In air transport networks, the airport with low constrain holds a higher status in the structural hole and has more superiority in terms of airport competition.

3.3. Centrality Metrics

As the above 2 are local metrics, the network structure cannot be explored from an overall perspective. In fact, some local nodes showing less significance may play an immense role in the overall network. Therefore, this paper introduces path-based metrics—centrality metrics, which are conducive to the analysis of nodes from an overall perspective. Three kinds of centrality metrics are introduced in this section: weighted triangle betweenness centrality, weighted closeness centrality, and weighted eigenvector centrality. The usual centrality metrics show drawbacks of neglecting the strength of connections between nodes, and the assessment results of node importance may be inaccurate. Hereby, this paper adopts weighted centrality metrics to improve the accuracy of the node importance assessment results, which can better reflect the structural characteristics of the weighted air transport network.

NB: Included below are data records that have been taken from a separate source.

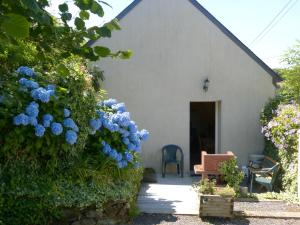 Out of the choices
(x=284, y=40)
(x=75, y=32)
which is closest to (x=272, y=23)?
(x=284, y=40)

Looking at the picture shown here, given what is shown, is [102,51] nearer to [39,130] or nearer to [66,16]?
[66,16]

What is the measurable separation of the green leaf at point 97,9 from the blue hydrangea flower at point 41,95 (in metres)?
3.48

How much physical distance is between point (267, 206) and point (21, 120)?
5040 mm

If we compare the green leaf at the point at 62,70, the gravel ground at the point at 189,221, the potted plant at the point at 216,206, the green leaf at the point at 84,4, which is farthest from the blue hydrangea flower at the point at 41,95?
the green leaf at the point at 84,4

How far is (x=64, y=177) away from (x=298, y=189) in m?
4.92

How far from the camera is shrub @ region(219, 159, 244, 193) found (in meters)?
8.61

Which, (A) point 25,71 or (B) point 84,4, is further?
(A) point 25,71

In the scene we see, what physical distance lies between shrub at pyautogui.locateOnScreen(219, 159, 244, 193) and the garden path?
769 millimetres

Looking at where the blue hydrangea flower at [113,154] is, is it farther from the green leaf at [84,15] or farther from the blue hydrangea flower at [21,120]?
the green leaf at [84,15]

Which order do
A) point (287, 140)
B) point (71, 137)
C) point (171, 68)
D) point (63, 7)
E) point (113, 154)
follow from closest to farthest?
point (63, 7), point (71, 137), point (113, 154), point (287, 140), point (171, 68)

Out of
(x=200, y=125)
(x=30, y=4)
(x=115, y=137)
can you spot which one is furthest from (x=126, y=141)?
(x=200, y=125)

3.3.1. Weighted Triangle Betweenness Centrality

Lee [41] first proposed the weighted triangle betweenness centrality, $C_{TBi},$ in 2013, which is applied to evaluate the ability of a node as a mediator in the weighted network by computing the number of times the node plays the intermediary role between other nodes. For node $v_i$, $C_{TBi}$ is expressed as:

$$C_{TBi}=\frac{1}{\left(N-1\right)\left(N-2\right)}{\displaystyle \sum }_{k=1,j=1}^{N}f\left(i\right),i\ne j\ne k$$

(4)

$$f\left(i\right)=\{\begin{array}{c}1, if A_{jk}<\mathit{min}(A_{ij},A_{ik})\\ 0,\hspace{1em}\hspace{1em}\hspace{1em}\hspace{1em}\hspace{1em}\mathit{else}\end{array}.$$

(5)

In air transport networks, the airport with high weighted triangle betweenness centrality plays a central and transfer role and is highly likely to become hub airport that has a high level of passenger connections and transfers [22,23].

3.3.2. Weighted Closeness Centrality

Weighted closeness centrality, $C_{Ci},$ was first proposed by Freeman [42], and considers the reciprocal of the sum of weighted shortest path length between the node and other nodes [7]. The difference between edge and path is that the former is used to describe the connection of 2 directly connected nodes, while the latter is composed of several edges and can be used for the connection of 2 nodes not directly connected.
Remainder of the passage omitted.